From: Sean Christopherson <seanjc@google.com>
To: James Houghton <jthoughton@google.com>
Cc: Andrew Morton <akpm@linux-foundation.org>,
Paolo Bonzini <pbonzini@redhat.com>,
Ankit Agrawal <ankita@nvidia.com>,
Axel Rasmussen <axelrasmussen@google.com>,
Catalin Marinas <catalin.marinas@arm.com>,
David Matlack <dmatlack@google.com>,
David Rientjes <rientjes@google.com>,
James Morse <james.morse@arm.com>,
Jason Gunthorpe <jgg@ziepe.ca>, Jonathan Corbet <corbet@lwn.net>,
Marc Zyngier <maz@kernel.org>,
Oliver Upton <oliver.upton@linux.dev>,
Raghavendra Rao Ananta <rananta@google.com>,
Ryan Roberts <ryan.roberts@arm.com>,
Shaoqin Huang <shahuang@redhat.com>,
Suzuki K Poulose <suzuki.poulose@arm.com>,
Wei Xu <weixugc@google.com>, Will Deacon <will@kernel.org>,
Yu Zhao <yuzhao@google.com>, Zenghui Yu <yuzenghui@huawei.com>,
kvmarm@lists.linux.dev, kvm@vger.kernel.org,
linux-arm-kernel@lists.infradead.org, linux-doc@vger.kernel.org,
linux-kernel@vger.kernel.org, linux-mm@kvack.org
Subject: Re: [PATCH v6 02/11] KVM: x86: Relax locking for kvm_test_age_gfn and kvm_age_gfn
Date: Fri, 16 Aug 2024 18:05:26 -0700 [thread overview]
Message-ID: <Zr_3Vohvzt0KmFiN@google.com> (raw)
In-Reply-To: <20240724011037.3671523-3-jthoughton@google.com>
On Wed, Jul 24, 2024, James Houghton wrote:
> Walk the TDP MMU in an RCU read-side critical section.
...without holding mmu_lock, while doing xxx.

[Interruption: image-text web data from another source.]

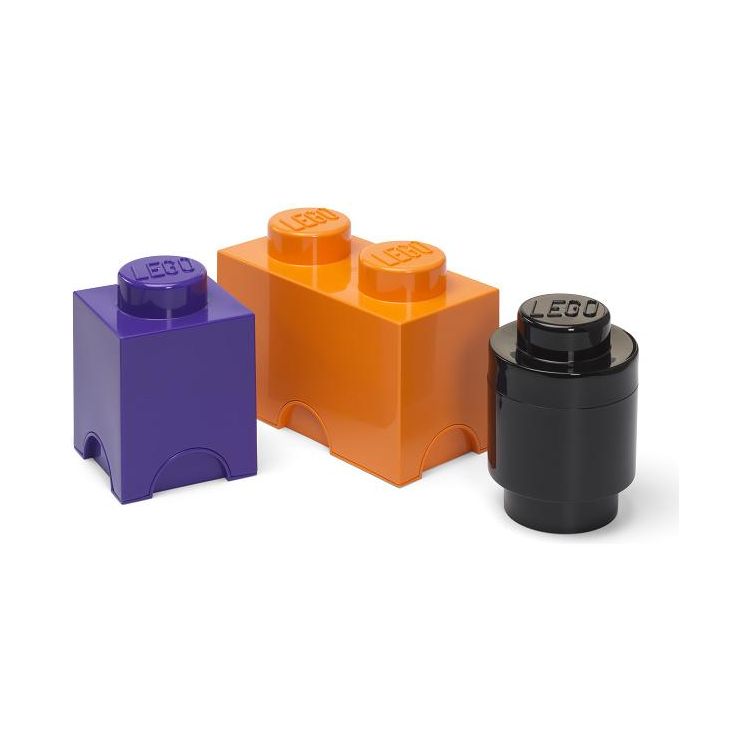 LEGO úložné boxy Multi-Pack 3ks - fialová, černá, oranžová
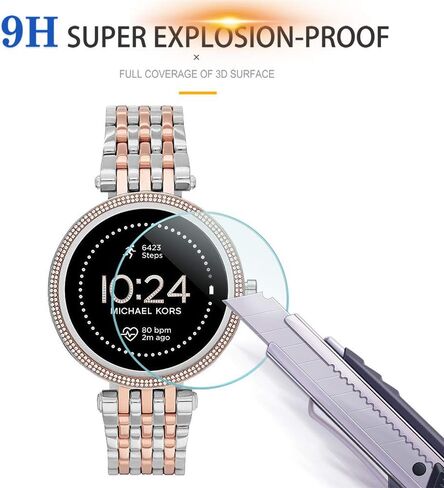 Suoman 3-Pack لـ Michael Kors Women's Gen 5E 42mm واقي شاشة، 2.5D 9H صلابة الزجاج المقسى واقي الشاشة لـ Michael Kors Gen 5E 42mm Smartwatch in Saudi Arabia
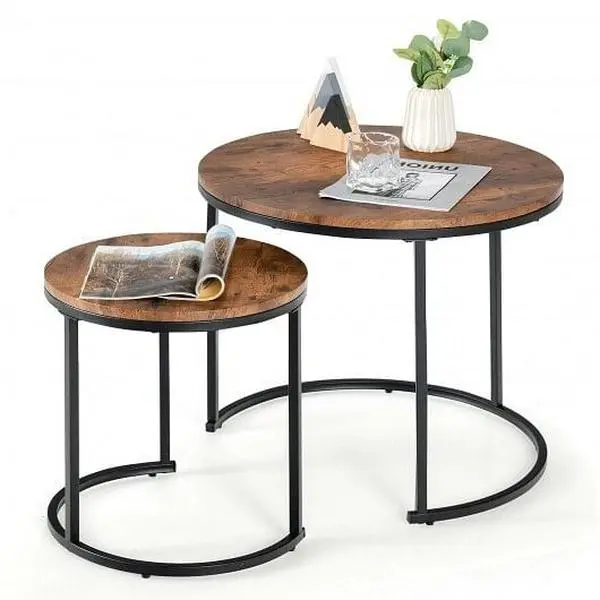 Set of 2 Modern Round Stacking Nesting Coffee Tables for Living Room-Rustic Brown - Color: Rustic B D681-JV10236CF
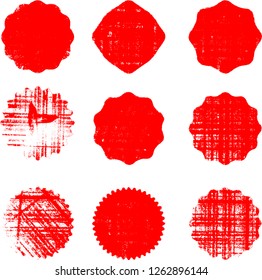 Grunge post Stamps Collection, Circles. Banners, Insignias , Logos, Icons, Labels and Badges Set . vector distress textures.blank shapes.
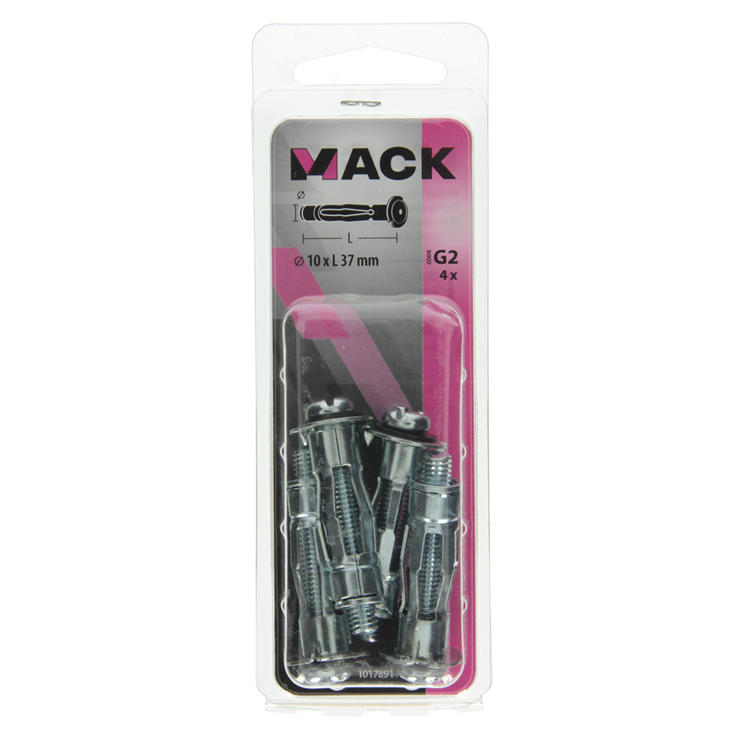 Mack 1017891 - taco de pared hueco de metal galvanizado 4 piezas 10 x 37 mm | 5 piezas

There are a lot of TDP MMU walks,
pand they all need RCU protection.
> This requires a way to do RCU-safe walking of the tdp_mmu_roots; do this with
> a new macro. The PTE modifications are now done atomically, and
> kvm_tdp_mmu_spte_need_atomic_write() has been updated to account for the fact
> that kvm_age_gfn can now lockless update the accessed bit and the R/X bits).
>
> If the cmpxchg for marking the spte for access tracking fails, we simply
> retry if the spte is still a leaf PTE. If it isn't, we return false
> to continue the walk.
Please avoid pronouns. E.g. s/we/KVM (and adjust grammar as needed), so that
it's clear what actor in particular is doing the retry.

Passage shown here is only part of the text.